Ich hatte mir im Laufe der Jahre bei Stürzen schon etliche Gehirnerschütterungen zugezogen. Eine Weile dachte ich wirklich, ich wäre vom Pferd gefallen. Ich konnte mich nur nicht daran erinnern, von welchem und wo.

Komisch.

Die gar nicht willkommene Orientierung war ganz plötzlich wieder da. Ich hatte an keinem Rennen teilgenommen. Ich hatte ja nur eine Hand. Ich war am hellichten Tage auf einer Straße Londons entführt worden. Ich lag auf dem Rücken, lag irgendwo auf Stroh, die Augen verbunden, ein Seil um Brust und Arme geschlungen, oberhalb der Ellbogen, so daß die Oberarme am Leib festgeschnürt waren. Ich lag auf dem Knoten. Ich wußte nicht, warum ich hier war… und sah der Zukunft nicht mit der allergrößten Zuversicht entgegen.
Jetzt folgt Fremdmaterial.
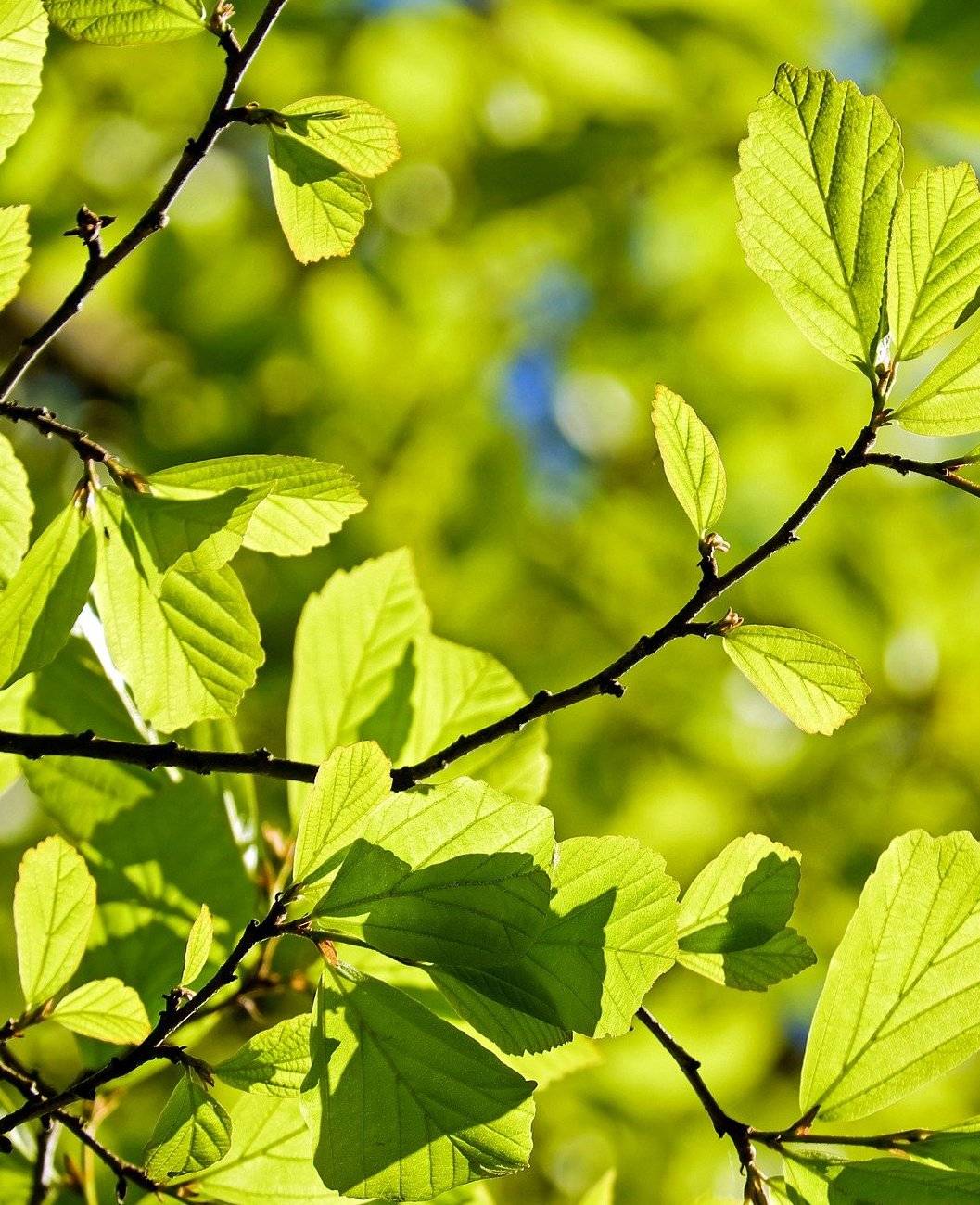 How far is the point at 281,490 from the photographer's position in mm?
541

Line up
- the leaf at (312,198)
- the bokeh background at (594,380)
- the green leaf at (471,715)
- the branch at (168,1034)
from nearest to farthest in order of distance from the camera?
1. the branch at (168,1034)
2. the leaf at (312,198)
3. the green leaf at (471,715)
4. the bokeh background at (594,380)

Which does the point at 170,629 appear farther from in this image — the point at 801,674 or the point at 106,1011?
the point at 801,674

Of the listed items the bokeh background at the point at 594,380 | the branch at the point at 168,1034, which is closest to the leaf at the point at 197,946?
the branch at the point at 168,1034

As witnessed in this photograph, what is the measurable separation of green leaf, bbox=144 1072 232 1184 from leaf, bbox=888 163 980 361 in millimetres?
432

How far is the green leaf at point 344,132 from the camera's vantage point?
0.53 meters

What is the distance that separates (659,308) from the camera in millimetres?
1883

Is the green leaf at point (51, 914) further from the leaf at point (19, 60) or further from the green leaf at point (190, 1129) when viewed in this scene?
the leaf at point (19, 60)

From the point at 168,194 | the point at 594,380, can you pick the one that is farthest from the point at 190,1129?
the point at 594,380

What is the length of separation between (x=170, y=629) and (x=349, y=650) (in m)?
0.22

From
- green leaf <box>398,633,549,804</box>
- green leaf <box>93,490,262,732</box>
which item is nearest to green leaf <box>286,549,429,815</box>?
green leaf <box>398,633,549,804</box>

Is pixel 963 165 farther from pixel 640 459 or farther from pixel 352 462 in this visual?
pixel 640 459

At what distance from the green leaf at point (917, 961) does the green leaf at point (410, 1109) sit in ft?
0.60

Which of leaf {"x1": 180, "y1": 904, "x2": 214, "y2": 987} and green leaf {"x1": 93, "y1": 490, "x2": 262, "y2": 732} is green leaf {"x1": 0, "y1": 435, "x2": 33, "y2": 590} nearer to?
green leaf {"x1": 93, "y1": 490, "x2": 262, "y2": 732}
Mist, Mist, verdammter Mist!

Meine Füße waren an irgendeinem nicht zu bewegenden Gegenstand festgebunden. Es war stockdunkel, sogar an den Rändern meiner Augenbinde. Ich setzte mich auf und versuchte, mich wenigstens teilweise zu befreien. Eine Heidenmühe und nicht der geringste Erfolg.

Ewigkeiten später waren draußen Schritte auf Kiesgrund hörbar, dann knarrte eine Holztür, und plötzlich schimmerte an den Seiten Licht durch die Binde.

«Nun hören Sie schon auf damit, Mr. Halley«, sagte eine Stimme.»Sie kriegen diese Knoten mit einer Hand nie und nimmer auf.«

Ich stellte meine Versuche ein. Es hatte wirklich keinen Zweck weiterzumachen.

«Hat ein bißchen was von einem Overkill«, sagte der Mann genüßlich.»Fesseln und Betäubungsmittel und Gummiknüppel und Augenbinde. Na ja, ich hab ihnen natürlich gesagt, sie sollten vorsichtig sein und sich außer Reichweite dieses Blecharms da halten. Ein Bursche, den ich kenne, weiß sehr häßliche Geschichten davon zu erzählen, wie Sie ihm mal mit diesem Ding, mit dem er nicht gerechnet hatte, eine verpaßt haben.«

Ich kannte die Stimme. Untertöne von Manchester, Obertöne vom oberen Teil der sozialen Stufenleiter. Das Selbstbewußtsein der Macht.

Trevor Deansgate.

Zuletzt gesehen in Newmarket, wo er im Pulk nach >Tri-Nitro< gesucht und ihn erkannt hatte, da er im Unterschied zu den meisten anderen den Bereiter kannte. Deansgate, der dann zum Frühstück zu den Caspars gegangen war. Der Buchmacher Trevor Deansgate war ein Fragezeichen gewesen, eine Möglichkeit, jemand, den man in Betracht ziehen, überprüfen mußte. Etwas, was ich getan hätte, aber noch nicht getan hatte.

«Nehmt ihm die Augenbinde ab«, sagte er.»Ich will, daß er mich sieht.«

Irgendwelche Finger brauchten ihre Zeit, bis sie den sehr festgezogenen Stoffknoten aufbekamen. Als das Tuch herunterfiel, war ich einen Augenblick vom Licht geblendet. Was ich danach als erstes erblickte, war der auf mich gerichtete Doppellauf einer Schrotflinte.

«Kanonen auch noch«, sagte ich säuerlich.

Es war eine Scheune, kein Stall. Zu meiner Linken türmte sich ein riesiger Stapel Strohballen, und rechts von mir stand ein paar Schritte entfernt ein Traktor. Meine Füße waren an der Zugstange einer Walze festgebunden. Die Scheune hatte ein hohes, auf Balken ruhendes Dach, von dem eine nackte, schwächliche Glühbirne herabhing und Trevor Deansgate beleuchtete.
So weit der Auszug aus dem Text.